(Data entries)
=== Section Start ===

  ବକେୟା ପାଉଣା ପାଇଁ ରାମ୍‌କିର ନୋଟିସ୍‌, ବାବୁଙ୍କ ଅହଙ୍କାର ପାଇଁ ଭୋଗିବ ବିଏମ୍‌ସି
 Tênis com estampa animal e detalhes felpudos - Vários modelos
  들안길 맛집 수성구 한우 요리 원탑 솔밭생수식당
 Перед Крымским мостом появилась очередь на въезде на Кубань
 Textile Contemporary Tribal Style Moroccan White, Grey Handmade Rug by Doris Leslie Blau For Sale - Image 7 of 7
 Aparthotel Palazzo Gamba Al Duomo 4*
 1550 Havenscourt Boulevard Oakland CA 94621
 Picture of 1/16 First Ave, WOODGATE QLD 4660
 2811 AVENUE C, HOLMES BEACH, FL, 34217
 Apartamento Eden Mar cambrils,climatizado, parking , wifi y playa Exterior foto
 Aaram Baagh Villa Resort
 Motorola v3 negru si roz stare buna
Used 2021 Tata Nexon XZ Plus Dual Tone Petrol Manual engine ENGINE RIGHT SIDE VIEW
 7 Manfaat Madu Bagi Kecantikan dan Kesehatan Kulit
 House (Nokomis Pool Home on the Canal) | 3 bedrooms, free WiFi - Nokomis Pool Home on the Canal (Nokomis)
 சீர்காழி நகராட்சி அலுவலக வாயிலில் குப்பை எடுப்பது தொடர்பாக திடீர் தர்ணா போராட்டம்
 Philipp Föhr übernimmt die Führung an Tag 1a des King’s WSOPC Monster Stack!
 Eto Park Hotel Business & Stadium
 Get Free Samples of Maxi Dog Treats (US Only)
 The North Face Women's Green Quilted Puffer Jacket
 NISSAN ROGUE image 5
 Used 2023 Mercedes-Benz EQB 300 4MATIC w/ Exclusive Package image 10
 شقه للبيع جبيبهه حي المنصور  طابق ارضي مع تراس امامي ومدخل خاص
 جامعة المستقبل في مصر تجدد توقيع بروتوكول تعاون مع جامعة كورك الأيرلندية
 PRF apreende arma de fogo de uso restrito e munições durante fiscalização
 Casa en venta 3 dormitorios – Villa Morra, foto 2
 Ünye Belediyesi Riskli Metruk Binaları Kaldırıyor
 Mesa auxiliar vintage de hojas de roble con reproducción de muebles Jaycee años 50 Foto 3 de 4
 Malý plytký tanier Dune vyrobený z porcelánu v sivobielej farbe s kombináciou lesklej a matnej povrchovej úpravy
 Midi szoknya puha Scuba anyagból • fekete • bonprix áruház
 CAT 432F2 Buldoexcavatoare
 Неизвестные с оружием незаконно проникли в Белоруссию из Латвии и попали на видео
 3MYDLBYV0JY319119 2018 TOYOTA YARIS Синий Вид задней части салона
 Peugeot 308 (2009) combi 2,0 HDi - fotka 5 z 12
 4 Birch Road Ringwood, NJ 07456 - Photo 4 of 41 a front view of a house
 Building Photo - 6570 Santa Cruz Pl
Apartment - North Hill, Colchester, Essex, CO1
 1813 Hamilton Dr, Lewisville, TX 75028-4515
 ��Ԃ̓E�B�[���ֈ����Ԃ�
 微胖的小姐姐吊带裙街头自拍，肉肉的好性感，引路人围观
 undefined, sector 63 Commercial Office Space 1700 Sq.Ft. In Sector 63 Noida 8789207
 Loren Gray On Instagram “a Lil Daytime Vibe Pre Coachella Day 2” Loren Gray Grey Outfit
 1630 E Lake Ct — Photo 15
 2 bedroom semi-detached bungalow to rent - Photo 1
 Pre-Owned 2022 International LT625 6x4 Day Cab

=== Section End ===

**Task to complete:** Take the records shown above and output them again exactly.

**Written answer:**
  ବକେୟା ପାଉଣା ପାଇଁ ରାମ୍‌କିର ନୋଟିସ୍‌, ବାବୁଙ୍କ ଅହଙ୍କାର ପାଇଁ ଭୋଗିବ ବିଏମ୍‌ସି
 Tênis com estampa animal e detalhes felpudos - Vários modelos
  들안길 맛집 수성구 한우 요리 원탑 솔밭생수식당
 Перед Крымским мостом появилась очередь на въезде на Кубань
 Textile Contemporary Tribal Style Moroccan White, Grey Handmade Rug by Doris Leslie Blau For Sale - Image 7 of 7
 Aparthotel Palazzo Gamba Al Duomo 4*
 1550 Havenscourt Boulevard Oakland CA 94621
 Picture of 1/16 First Ave, WOODGATE QLD 4660
 2811 AVENUE C, HOLMES BEACH, FL, 34217
 Apartamento Eden Mar cambrils,climatizado, parking , wifi y playa Exterior foto
 Aaram Baagh Villa Resort
 Motorola v3 negru si roz stare buna
Used 2021 Tata Nexon XZ Plus Dual Tone Petrol Manual engine ENGINE RIGHT SIDE VIEW
 7 Manfaat Madu Bagi Kecantikan dan Kesehatan Kulit
 House (Nokomis Pool Home on the Canal) | 3 bedrooms, free WiFi - Nokomis Pool Home on the Canal (Nokomis)
 சீர்காழி நகராட்சி அலுவலக வாயிலில் குப்பை எடுப்பது தொடர்பாக திடீர் தர்ணா போராட்டம்
 Philipp Föhr übernimmt die Führung an Tag 1a des King’s WSOPC Monster Stack!
 Eto Park Hotel Business & Stadium
 Get Free Samples of Maxi Dog Treats (US Only)
 The North Face Women's Green Quilted Puffer Jacket
 NISSAN ROGUE image 5
 Used 2023 Mercedes-Benz EQB 300 4MATIC w/ Exclusive Package image 10
 شقه للبيع جبيبهه حي المنصور  طابق ارضي مع تراس امامي ومدخل خاص
 جامعة المستقبل في مصر تجدد توقيع بروتوكول تعاون مع جامعة كورك الأيرلندية
 PRF apreende arma de fogo de uso restrito e munições durante fiscalização
 Casa en venta 3 dormitorios – Villa Morra, foto 2
 Ünye Belediyesi Riskli Metruk Binaları Kaldırıyor
 Mesa auxiliar vintage de hojas de roble con reproducción de muebles Jaycee años 50 Foto 3 de 4
 Malý plytký tanier Dune vyrobený z porcelánu v sivobielej farbe s kombináciou lesklej a matnej povrchovej úpravy
 Midi szoknya puha Scuba anyagból • fekete • bonprix áruház
 CAT 432F2 Buldoexcavatoare
 Неизвестные с оружием незаконно проникли в Белоруссию из Латвии и попали на видео
 3MYDLBYV0JY319119 2018 TOYOTA YARIS Синий Вид задней части салона
 Peugeot 308 (2009) combi 2,0 HDi - fotka 5 z 12
 4 Birch Road Ringwood, NJ 07456 - Photo 4 of 41 a front view of a house
 Building Photo - 6570 Santa Cruz Pl
Apartment - North Hill, Colchester, Essex, CO1
 1813 Hamilton Dr, Lewisville, TX 75028-4515
 ��Ԃ̓E�B�[���ֈ����Ԃ�
 微胖的小姐姐吊带裙街头自拍，肉肉的好性感，引路人围观
 undefined, sector 63 Commercial Office Space 1700 Sq.Ft. In Sector 63 Noida 8789207
 Loren Gray On Instagram “a Lil Daytime Vibe Pre Coachella Day 2” Loren Gray Grey Outfit
 1630 E Lake Ct — Photo 15
 2 bedroom semi-detached bungalow to rent - Photo 1
 Pre-Owned 2022 International LT625 6x4 Day Cab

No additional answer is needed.